Nella sua finzione, Françoise racconta della liaison con un uomo che viene nominato solo come X, non particolarmente attraente, anzi tanto diverso dalla donna che parla (peraltro con una stupefacente sorveglianza stilistica da scrittrice smaliziata) e che però le appare come «uno di quegli esseri davanti ai quali tutte le difese crollano prima che ce ne rendiamo conto, soprattutto perché non hanno consapevolezza del loro potere». Le tappe che scandiscono la loro relazione – devozione, sofferenza, gelosia, assenza – sono quelle tipiche dell’attrazione fatale e trascendono il rapporto fisico. Perché l’amore, come canta Brunori Sas, “è un colpo di pistola”, è un’onda che travolge e devasta, ti disarma, lasciandoti in balìa di un dio che ti possiede e parla al posto tuo. È la socratica katokoché: una forma di possessione vera e propria che disloca la Ragione (atopía, la chiama il filosofo) e fa sì che, quando amiamo, non disponiamo più di noi stessi perché il nostro Io ha già perso il consueto ordine delle proprie connessioni per lasciare che sia qualcos’altro ad agirlo. L’istinto e il godimento dei corpi non c’entrano niente, ciò che accade è l’accamparsi di un’entità che si fa arbitro tra la nostra dimensione razionale e quella folle, e l’innamorato che non fa i conti con la parte irrazionale di sé semplicemente non ha mai conosciuto Amore. Il fatto è che non puoi prevederlo né evitarlo, in seguito, perché ti precipita dentro per caso, a condizione che le sue crepe presentino una sufficiente simmetria con le tue, rendendoti un pazzo la cui follia, lungi dall’essere un handicap, è invece ciò che dà alla tua vita il suo unico e possibile interesse.

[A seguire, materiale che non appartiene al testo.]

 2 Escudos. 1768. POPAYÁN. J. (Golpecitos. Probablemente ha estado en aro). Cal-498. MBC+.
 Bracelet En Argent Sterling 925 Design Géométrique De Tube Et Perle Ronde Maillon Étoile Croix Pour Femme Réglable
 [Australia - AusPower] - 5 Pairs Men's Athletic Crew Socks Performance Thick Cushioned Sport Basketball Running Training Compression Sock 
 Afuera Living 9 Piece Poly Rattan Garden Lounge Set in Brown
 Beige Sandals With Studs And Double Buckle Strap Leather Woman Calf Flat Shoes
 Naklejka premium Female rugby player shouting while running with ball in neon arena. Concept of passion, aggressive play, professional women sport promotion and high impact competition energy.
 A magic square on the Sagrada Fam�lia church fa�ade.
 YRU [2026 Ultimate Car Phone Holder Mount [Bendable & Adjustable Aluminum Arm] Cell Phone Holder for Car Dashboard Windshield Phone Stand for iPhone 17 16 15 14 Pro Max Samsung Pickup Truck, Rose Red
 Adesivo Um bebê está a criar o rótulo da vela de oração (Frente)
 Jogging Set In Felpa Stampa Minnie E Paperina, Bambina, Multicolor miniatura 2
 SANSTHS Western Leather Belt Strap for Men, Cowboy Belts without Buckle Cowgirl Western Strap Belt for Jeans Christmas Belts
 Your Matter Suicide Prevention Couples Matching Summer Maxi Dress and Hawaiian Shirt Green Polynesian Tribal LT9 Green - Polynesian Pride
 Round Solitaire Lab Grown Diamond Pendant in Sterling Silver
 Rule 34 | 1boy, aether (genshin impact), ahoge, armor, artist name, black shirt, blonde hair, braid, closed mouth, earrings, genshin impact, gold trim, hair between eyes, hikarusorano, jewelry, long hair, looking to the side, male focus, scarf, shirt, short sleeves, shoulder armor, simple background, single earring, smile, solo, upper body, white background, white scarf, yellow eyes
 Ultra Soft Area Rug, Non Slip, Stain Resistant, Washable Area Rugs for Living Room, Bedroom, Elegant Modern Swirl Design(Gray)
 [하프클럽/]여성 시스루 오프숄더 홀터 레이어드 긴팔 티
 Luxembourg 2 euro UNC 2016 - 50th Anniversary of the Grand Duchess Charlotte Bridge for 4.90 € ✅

Confesso: il fatto che a dirmelo sia la bellezza quintessenziale che avevo associato all’idea di un’educazione sentimentale rassicurante, foriera di quel “discernimento” e di quella “reciprocità” che si addicono alle relazioni “funzionali”, ha dislocato un po’ anche me, ma tutto sommato posso farmi piacere per un po’ l’idea che tutto ciò che si avvicina alla follia, lungi dall’essere tossico, a volte può risultare persino necessario.